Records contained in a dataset
- - -
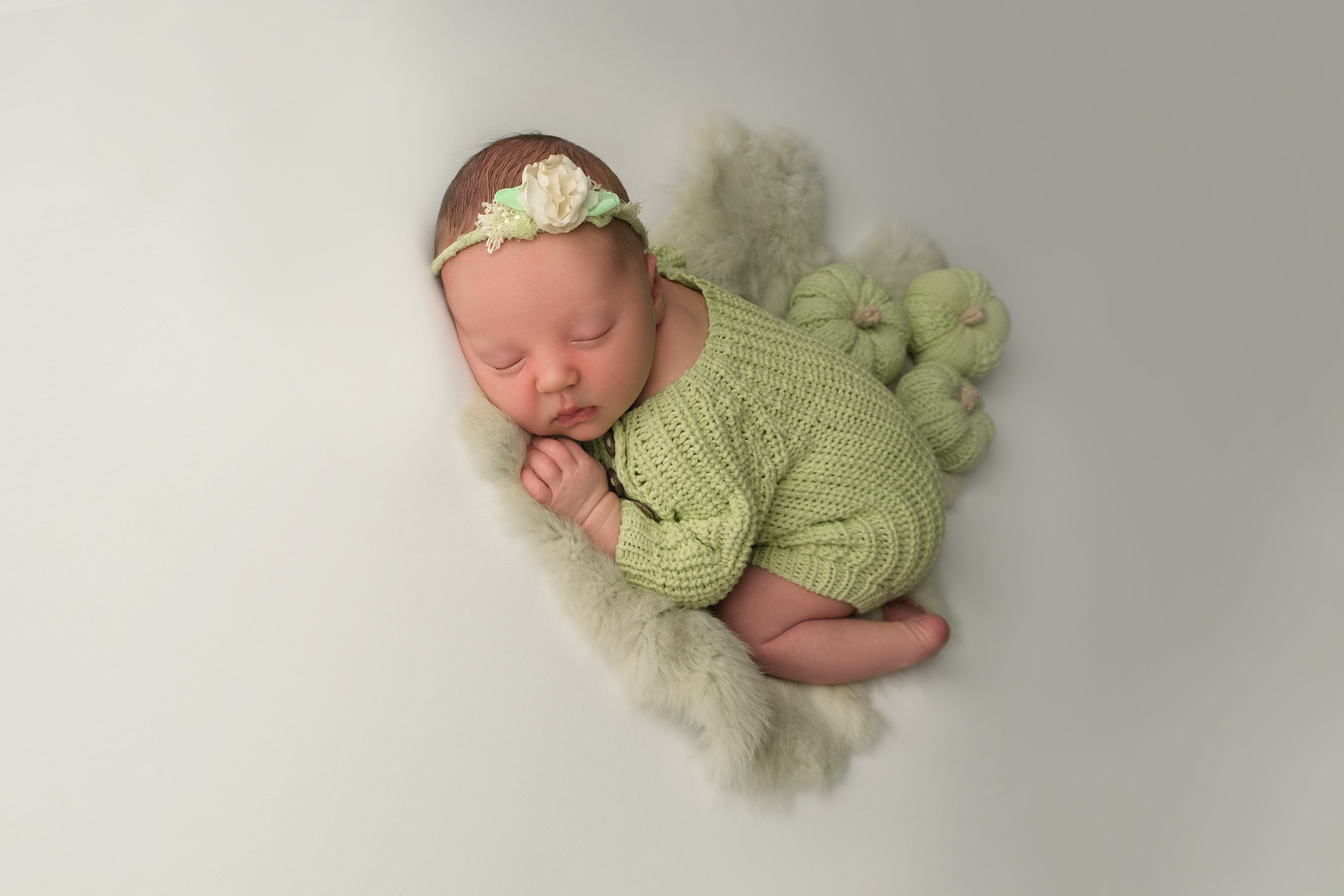 Newborn. Фотограф беременности и Newborn в Екатеринбурге Марина Добровольская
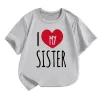 Lt.Grey ALI-Big Sis 29-GREY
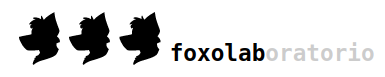Foxolab logo.png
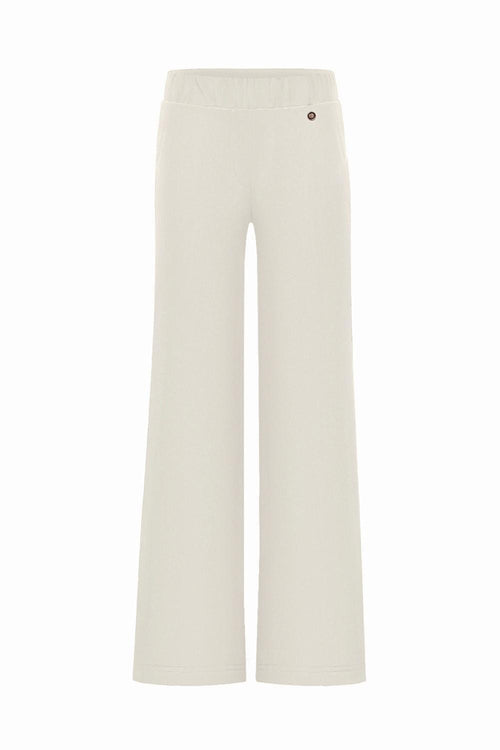 Travel Broek Mirte Kit - 2701 Broek - Est Voilà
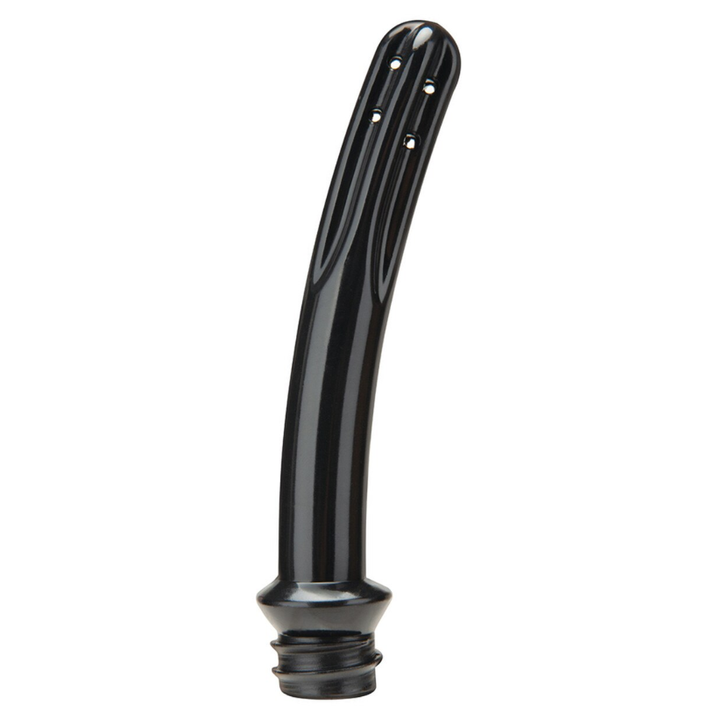 b-Vibe Enema Douche With Nozzle 310ml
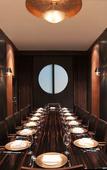 Туры в отель Loden Hotel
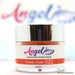 Angel Dip Powder D022 CANDY CRUSH - Angelina Nail Supply NYC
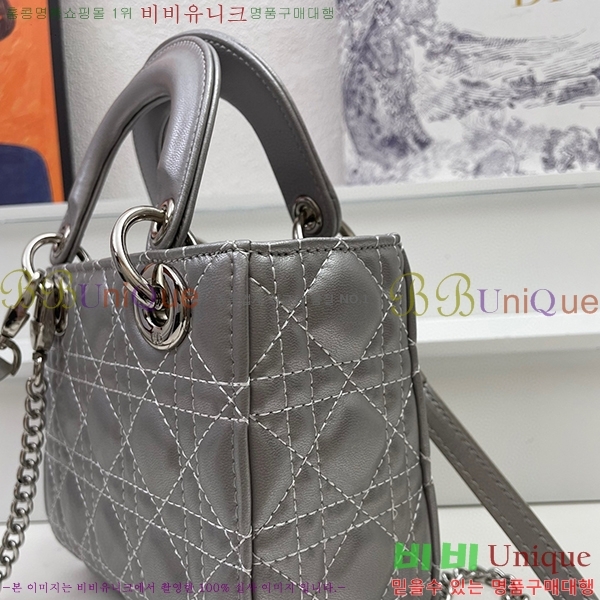 ST ��� ���̵�� �̴� AH456120-5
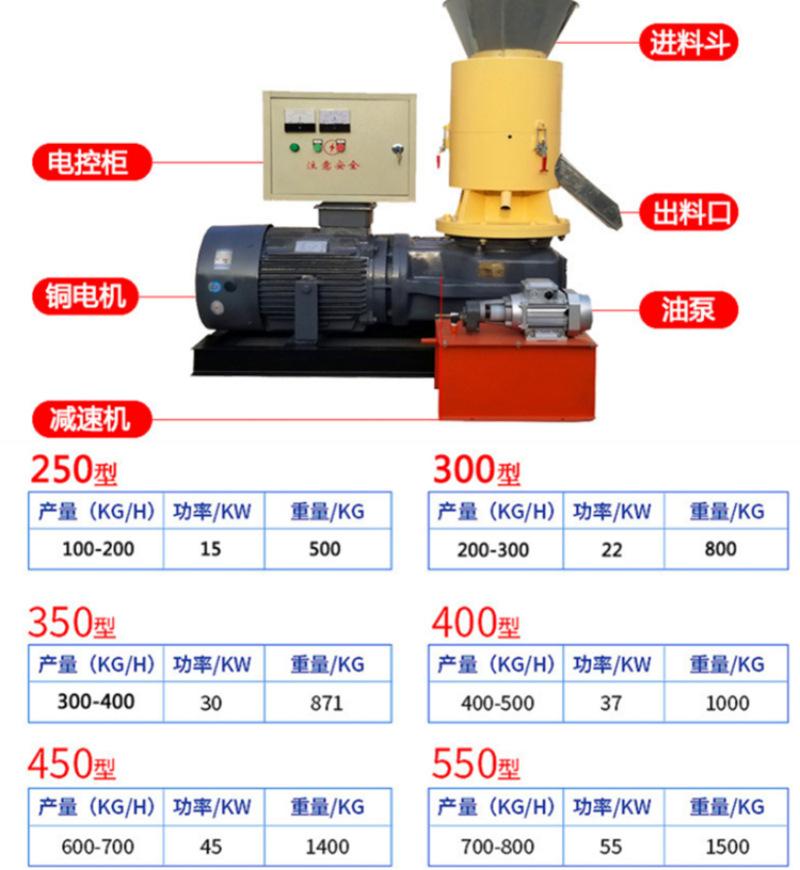 参数详细.png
- - -
*Directions for this task*:
The reply must consist of the records, repeated exactly, minus any images.

*The completed task*:
 Newborn. Фотограф беременности и Newborn в Екатеринбурге Марина Добровольская
 Lt.Grey ALI-Big Sis 29-GREY
Foxolab logo.png
 Travel Broek Mirte Kit - 2701 Broek - Est Voilà
 b-Vibe Enema Douche With Nozzle 310ml
 Туры в отель Loden Hotel
 Angel Dip Powder D022 CANDY CRUSH - Angelina Nail Supply NYC
 ST ��� ���̵�� �̴� AH456120-5
 参数详细.png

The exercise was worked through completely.